Ecologie, climat : l’effondrement n’est pas inéluctable

Certes, un effondrement est possible; mais, non, il n’est pas certain. Ses zélateurs peuvent le qualifier d’imminent, affirmer qu’il surviendra dans quelques décennies, sans toujours préciser ce dont il s’agit. En vérité, il n’y a sans doute pas un mais des effondrements partiels dont l’accumulation finirait par rendre impossible une vie humaine décente.

Or rien n’est inéluctable. Les exemples sont nombreux où des humains, conscients de situations dramatiques, agissent pour rétablir la situation et limiter les conséquences prévisibles de leurs erreurs. Le Japon de l’ère Tokugawa, au XVIIesiècle, a échappé à la déforestation de l’archipel grâce à une politique volontariste. La croissance du trou de la couche d’ozone, principal problème environnemental planétaire il y a une trentaine d’années, a été stoppée; si nous restons vigilants, ce problème devrait être résolu vers 2060. Le Rhin, gigantesque égout à ciel ouvert il y a trente ans, est aujourd’hui dépollué de la source à l’embouchure.

Dans ces deux derniers cas, la «trilogie de la gouvernance» a fait merveille. Se sont associés des militants d’ONG –lanceurs d’alerte, témoins de la pertinence des actions entreprises–, des responsables d’Etat et d’agences internationales, qui ont orienté durablement des politiques publiques, et enfin des industriels, qui ont mis leurs capacités de financement et d’innovation au service de l’intérêt général.

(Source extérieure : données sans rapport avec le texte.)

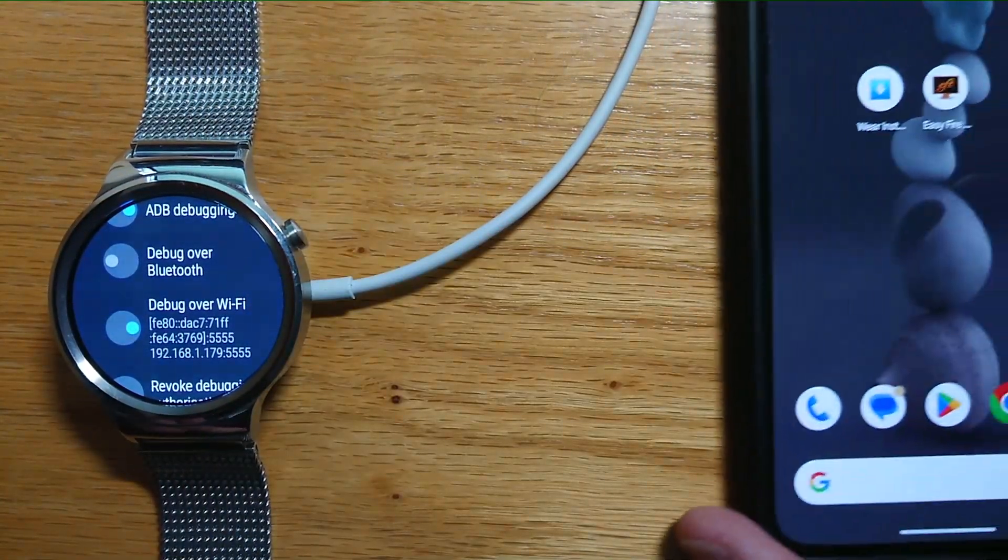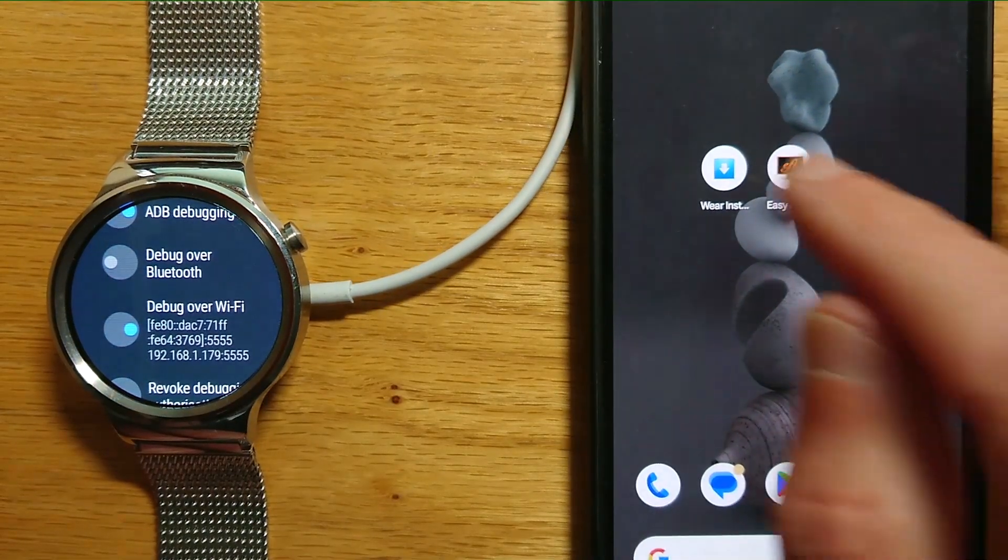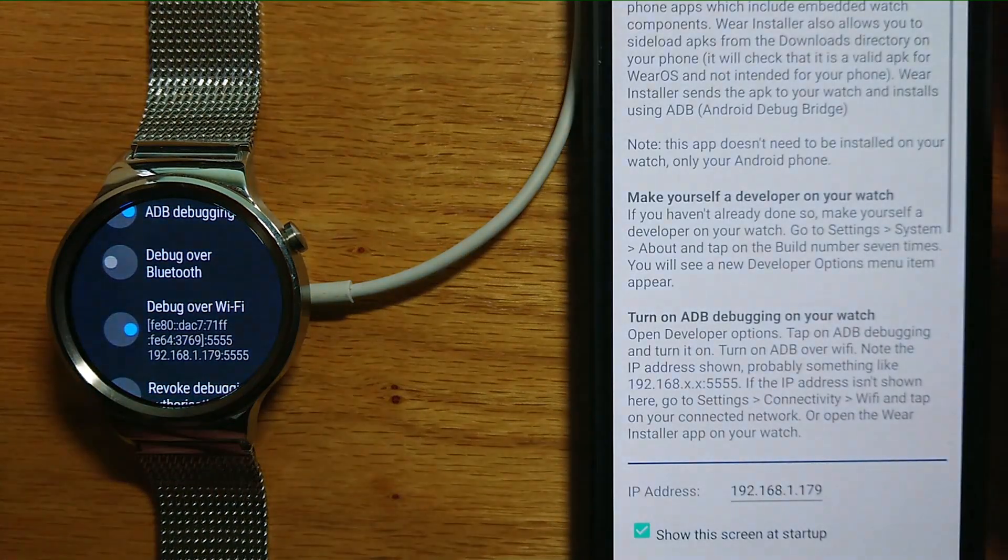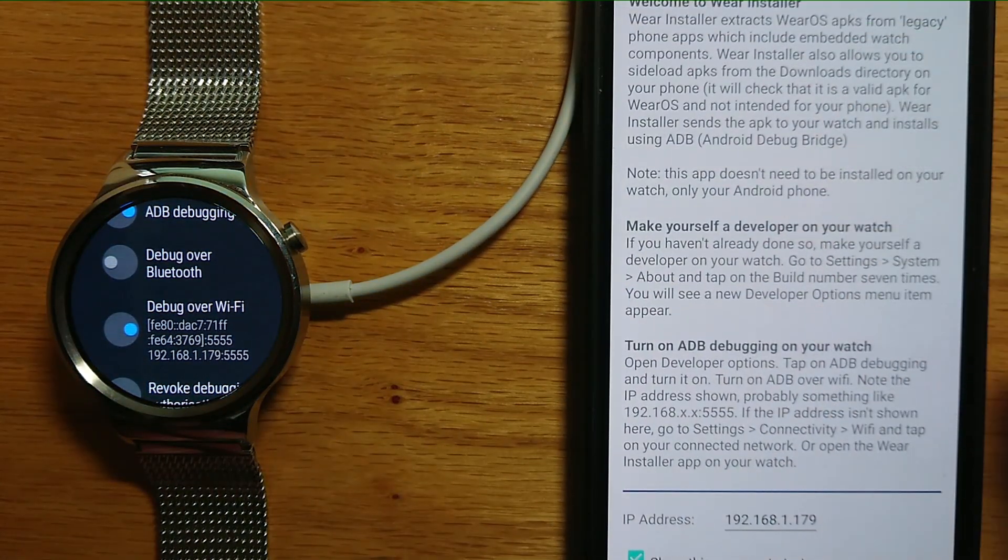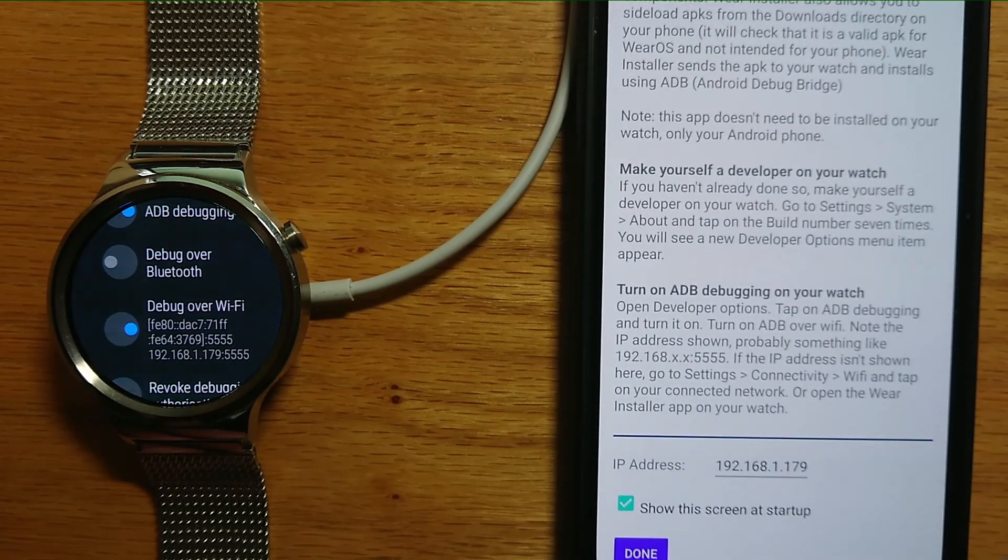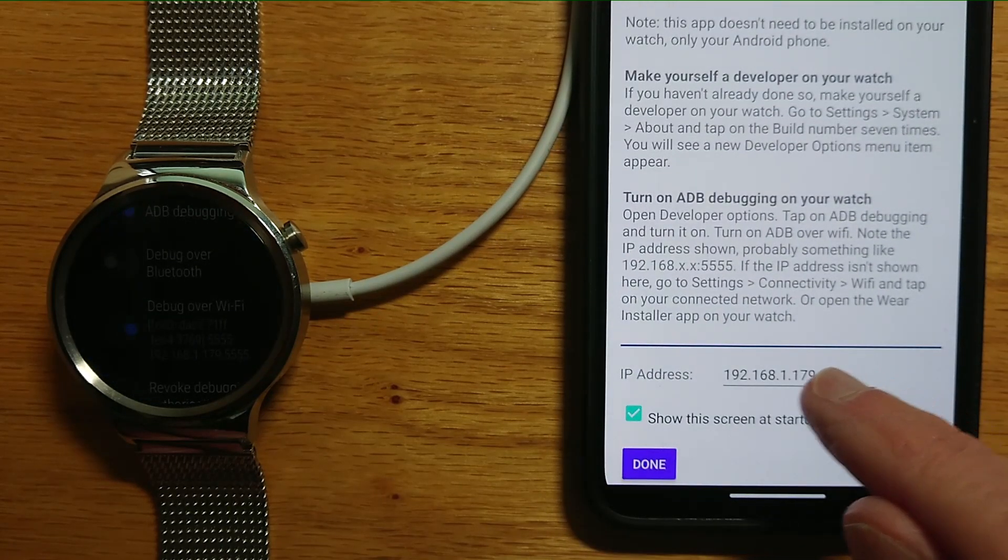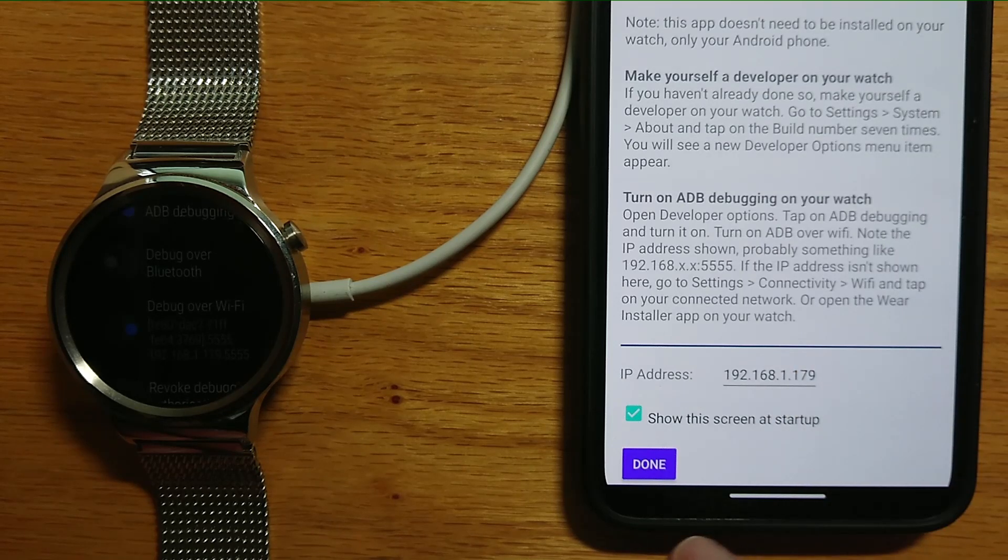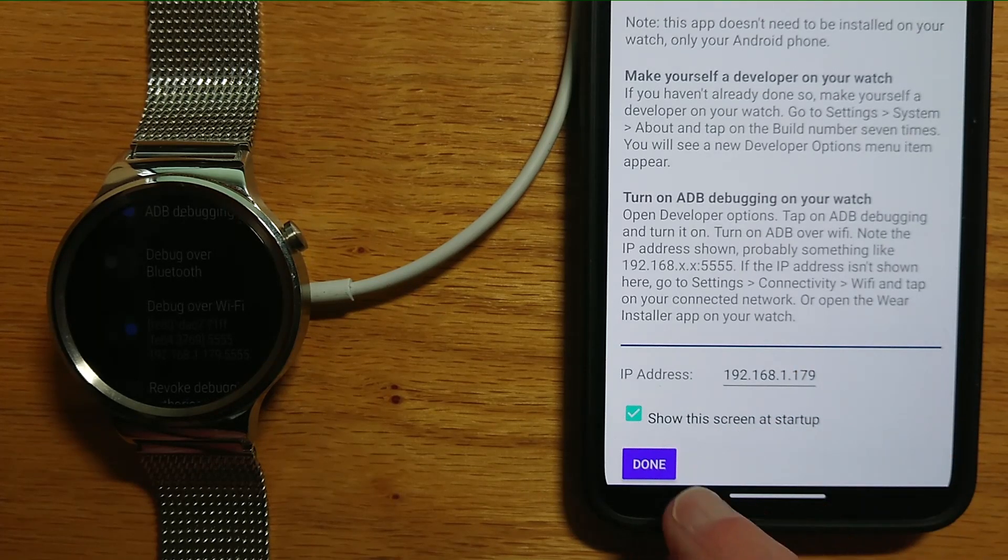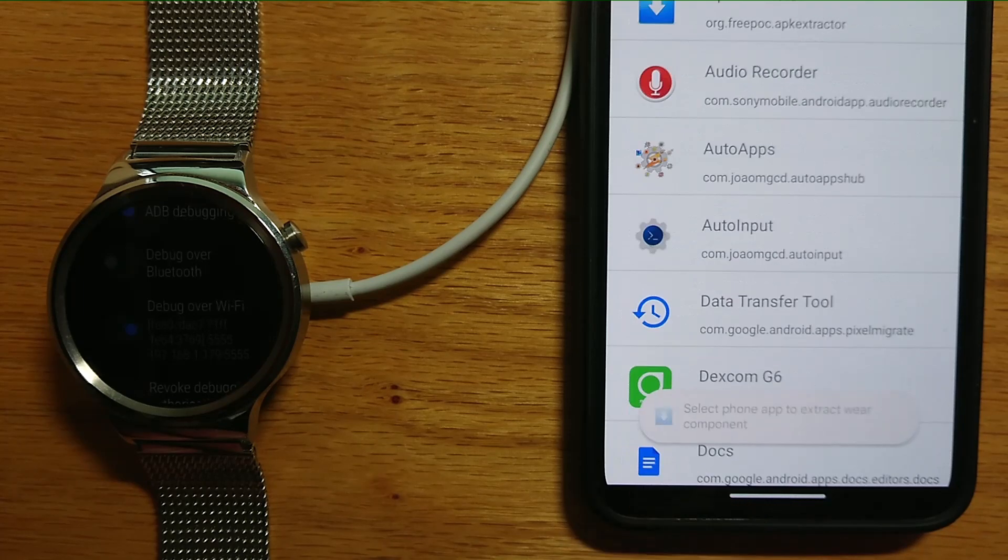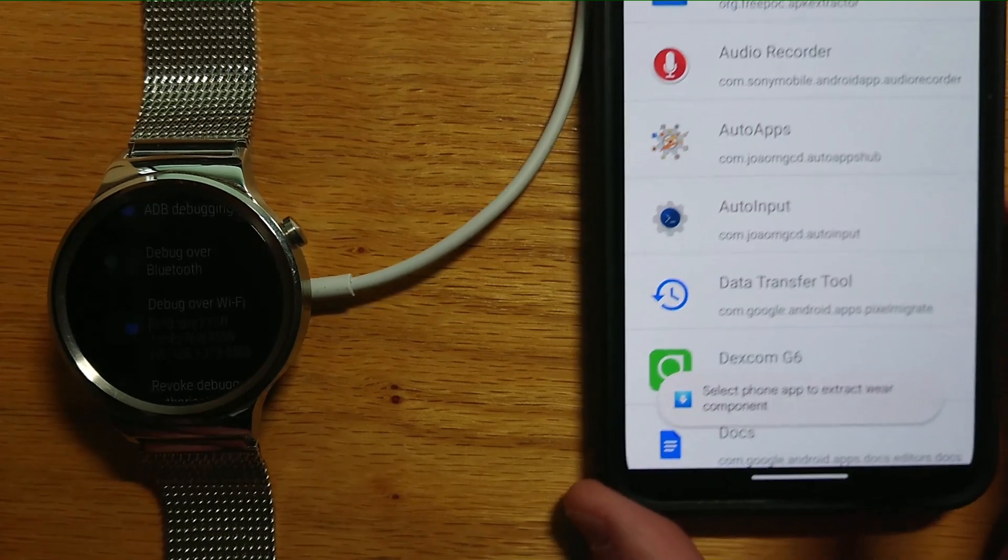Let me bring in my Android phone and open WearInstaller. There's some explanation about how it works, but the important thing is to make sure that the IP address of your watch is entered in this field. You can see I've already done it, and then press Done.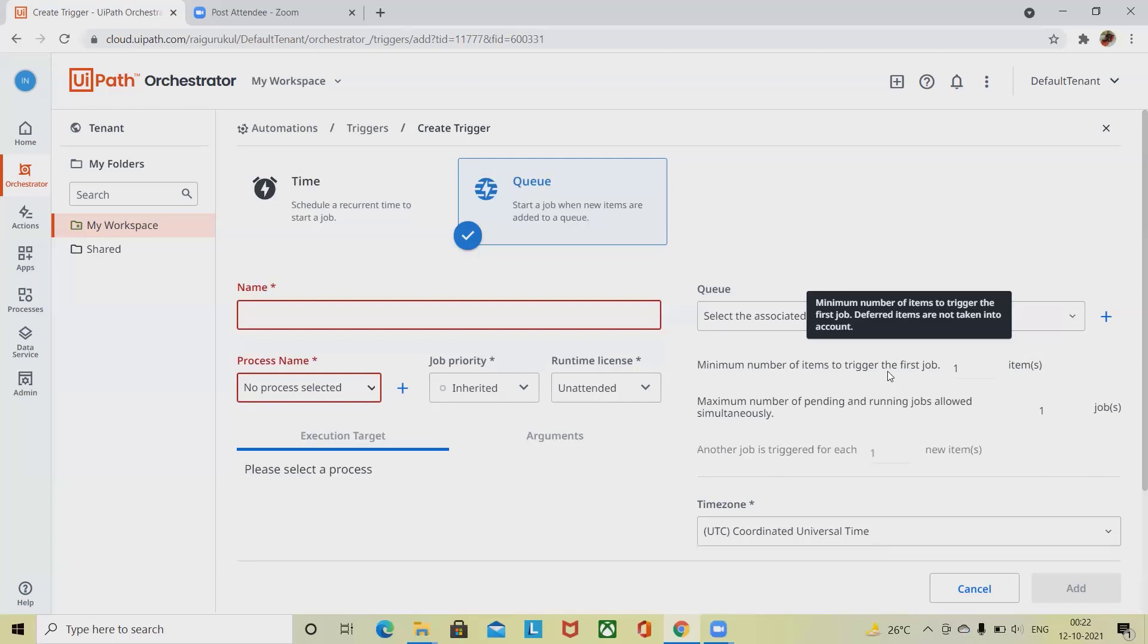This is how the process works in queue-based triggers. Queue triggers can instantly start the process upon trigger creation or whenever you add a new item to a queue. The trigger runs in the environment associated with the selected process.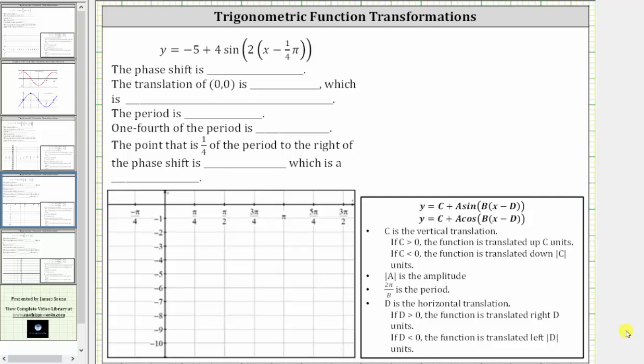We want to graph and describe the transformation for the given sine function. Notice how the sine function is in this form here. Let's begin by identifying the values of C, A, B, and D.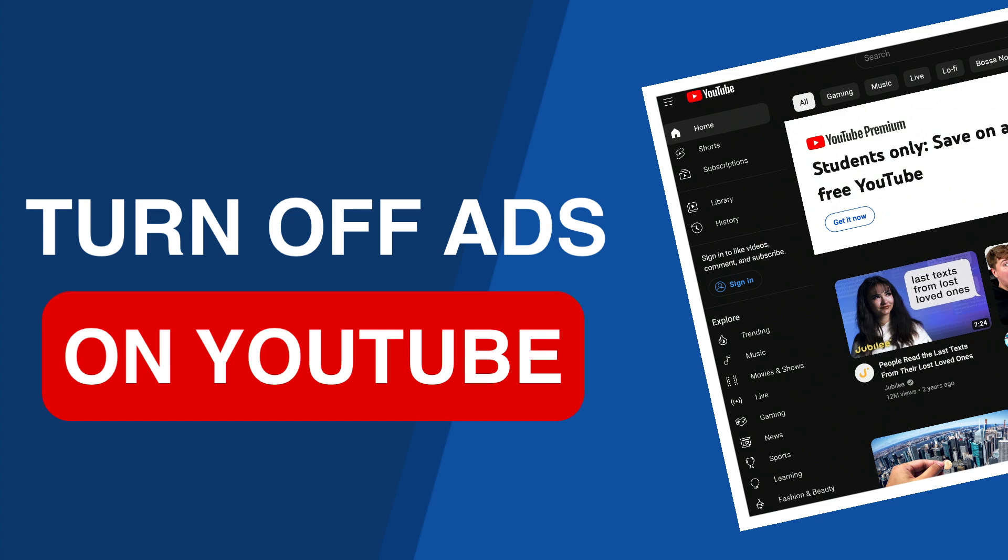Tired of ads showing on your YouTube videos? In this tutorial we're going to show you how to turn off ads on all your YouTube videos.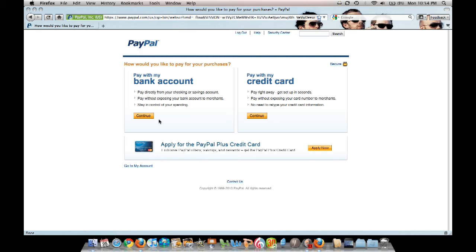Either would be fine to use in our Charms Office in order to pay your band fees. All you simply have to do is hit continue on either side and finish the necessary information, and you've created your PayPal account.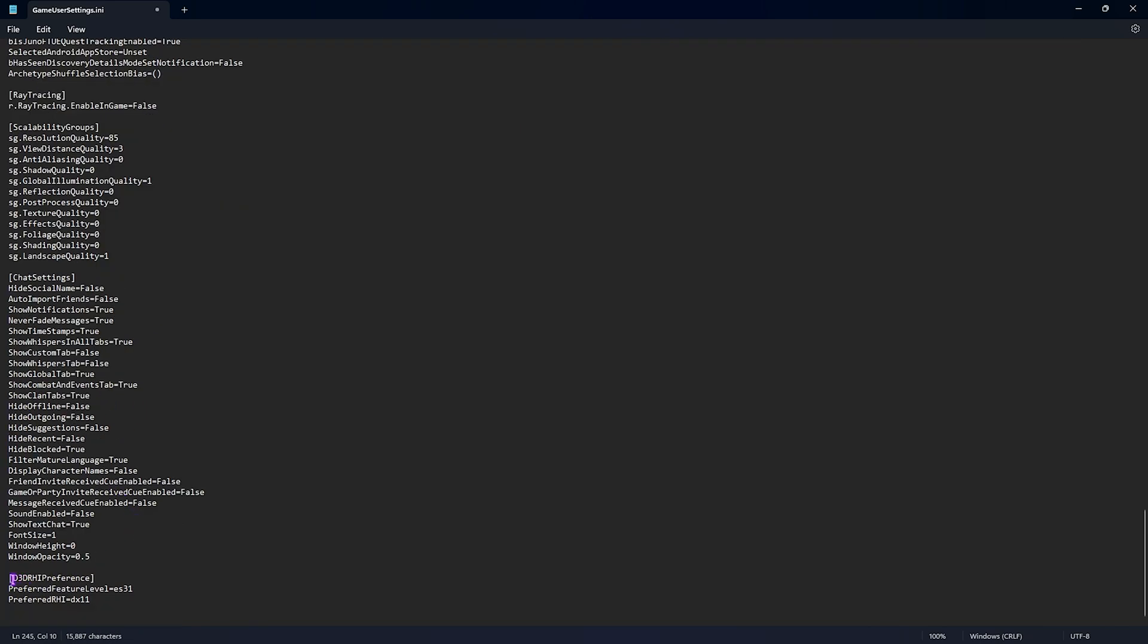Once again scroll all the way down to D3D HRI preference and then set this thing, the preferred level is to ES 31 and the preferred RHI to DX 11. And this will set your game to performance mode. Once again you can also go into the game and set this thing to DX 12 or DLSS if you watch my video on Fortnite settings.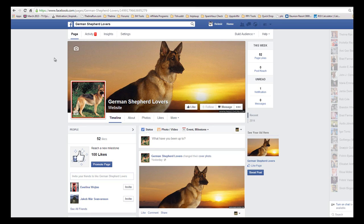Hey! In the last video I showed you how to go about and actually find content to post on your page, and in this quick video I'm just going to show you how we actually post it, in case you haven't done it before.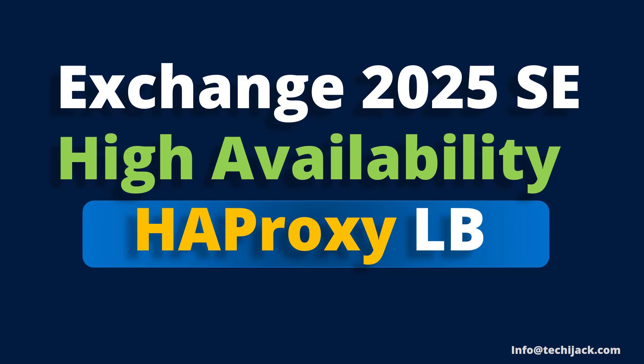Welcome back to TechieJack. In this video, we are going to understand the high availability of client access service in Exchange Server with the help of HAProxy load balancer.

Deux perspectives radicalement différentes s’offrent

Nous sommes aujourd’hui confrontés au plus grand problème environnemental de l’histoire humaine: le dérèglement climatique, qui aggrave la destruction en cours des écosystèmes naturels. Face à ce défi, deux perspectives radicalement différentes s’offrent.

La première pousse à l’extrême la stratégie de communication catastrophiste, pensant que c’est le meilleur moyen de faire évoluer mentalités et comportements. Or les recherches en sciences sociales révèlent que si ce type de communication augmente la prise de conscience, elle diminue, en général, l’engagement comportemental. Le climatologue Michael Mann écrit:«Si le changement climatique est un canular (comme l’a affirmé le président Trump) ou s’il échappe à notre contrôle (comme le dit McPherson[qui prédit la possible extinction de l’humanité vers 2030]), il n’y a évidemment aucune raison de réduire les émissions de carbone. (…) Il est encore temps d’éviter les pires résultats, si nous agissons vigoureusement, non à partir de la peur, mais de la confiance que l’avenir est largement entre nos mains»(«Doomsday scenarios are as harmful as climate change denial», Michael Mann, Susan Hassol et Tom Toles,Washington Post,12juillet2017).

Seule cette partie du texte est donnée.